Perhaps that was the message
implicit in Moshe speaking to the rock at Mei Meriva, the drastic turn
of fate that would keep him from entering the land. The person, in contrast to
animals, is referred to in Jewish thought as the medaber. Animals have physical
prowess that often outmatches our own. Hitting the rock that was to bring water
and satiate our thirst, would have been animalistic in nature and by design.
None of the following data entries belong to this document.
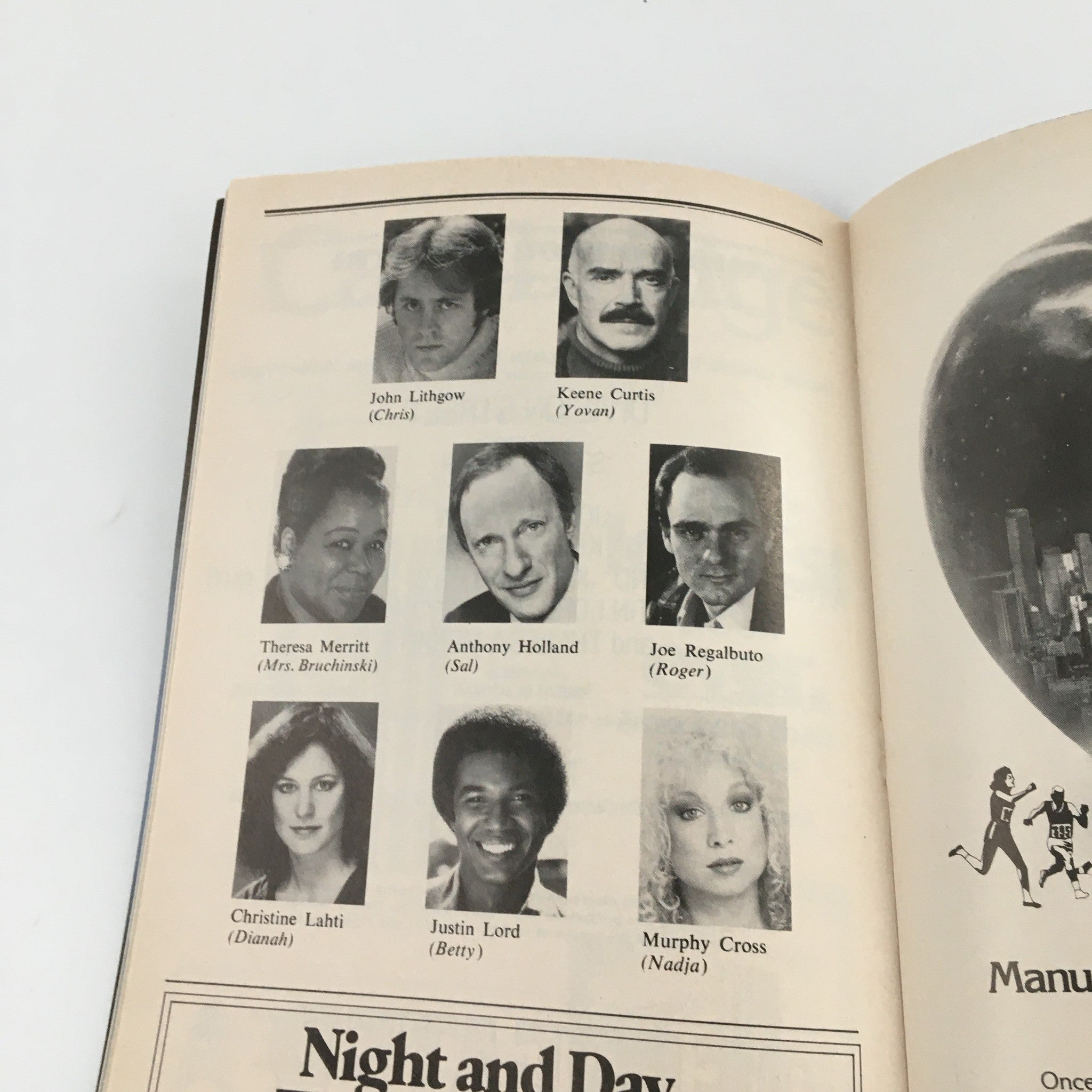 1980 Playbill Ambassador Theatre 'Division Street' John Lithgow, Keene Curtis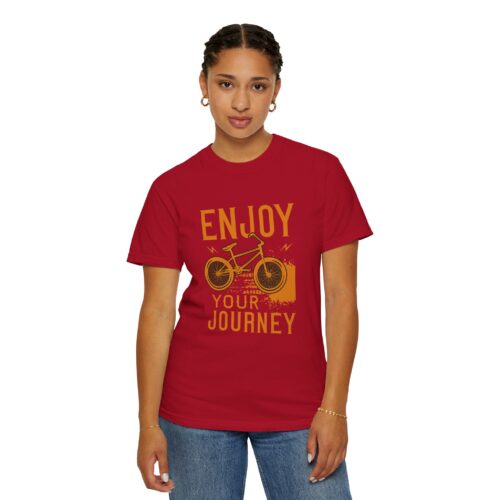 Adventure-Inspired Unisex T-Shirt, Enjoy Your Journey Tee, Cycling Gift, Travel Tee, Summer Casual Wear, Bike Lover Shirt. - Image 29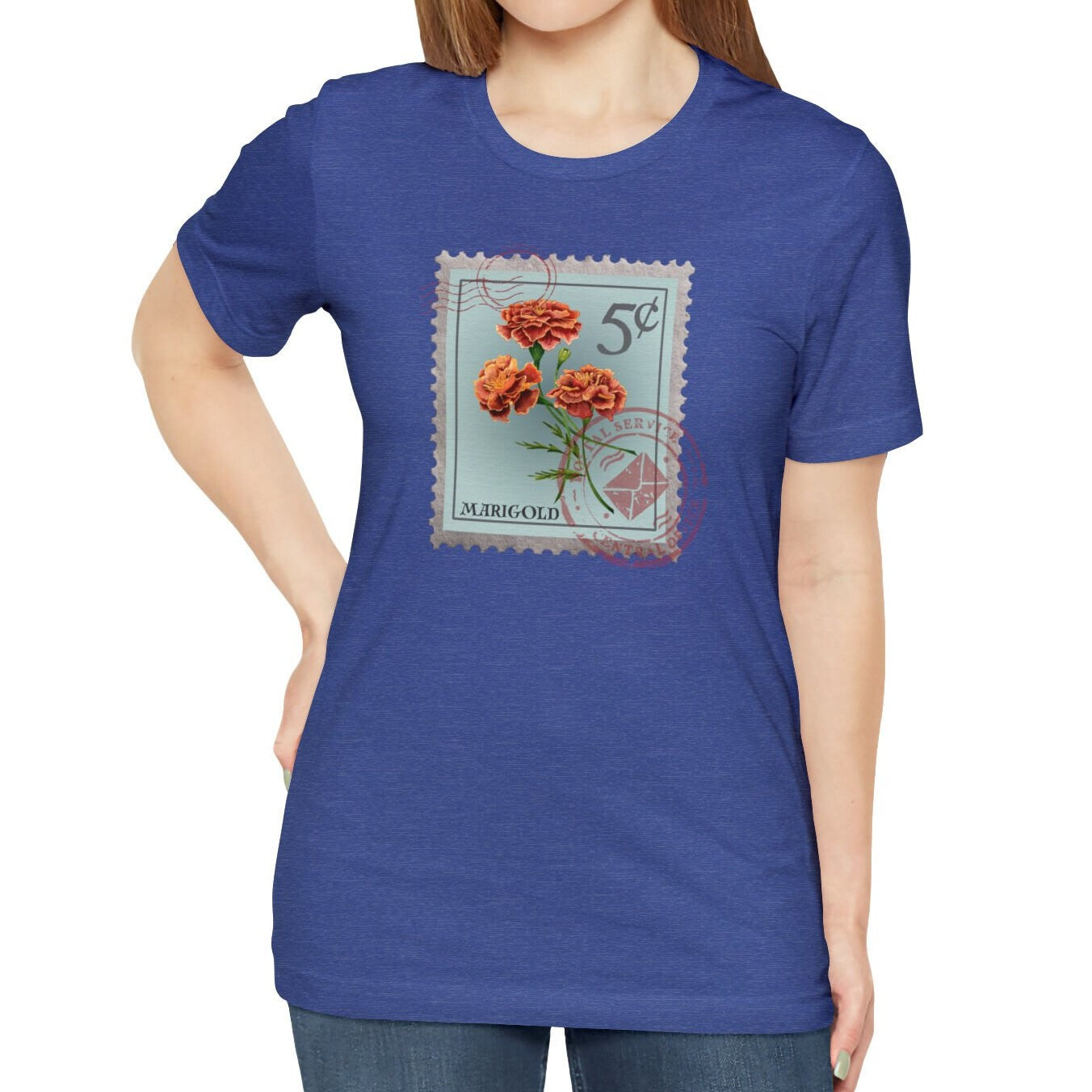 October Birth Month Flower Shirt, Marigold
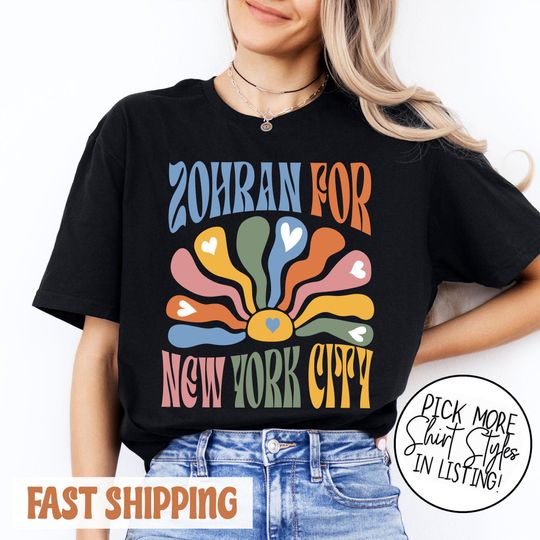 Discover Zohran For New York City Shirt, Zohran Mamdani, Vote Zohran, Zohran for Mayor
Hashem, it would seem, was asking Moshe to serve as a paradigm for how to address
Him at times of sorrow and difficulty in the promised land. With the indispensability
of working the land – and relying on their own bodily efforts – the Jews would
need to couple it with prayer, looking heavenward for support. The desert was
an oasis of sorts; man didn't need to beckon God but rather the opposite was
true. In the new land, a land "whose rocks are iron (Devarim 8:9) Jews
would need to have the mettle to fend with the natural forces, the rocks, the
soil, the rain patterns etc. but more importantly, they needed to step out of
the embryonic existence of dependency, and realized that with heavenly support from
above, they could conquer their enemies and till the land below.
In a sense, without a reliance on ourselves, and acceptance of ourselves,
something that the Book of Yonah teaches us, we wouldn't have the gumption to
face the elements, the most elemental being the fusion of human drive and will
with Hashem's providence from above.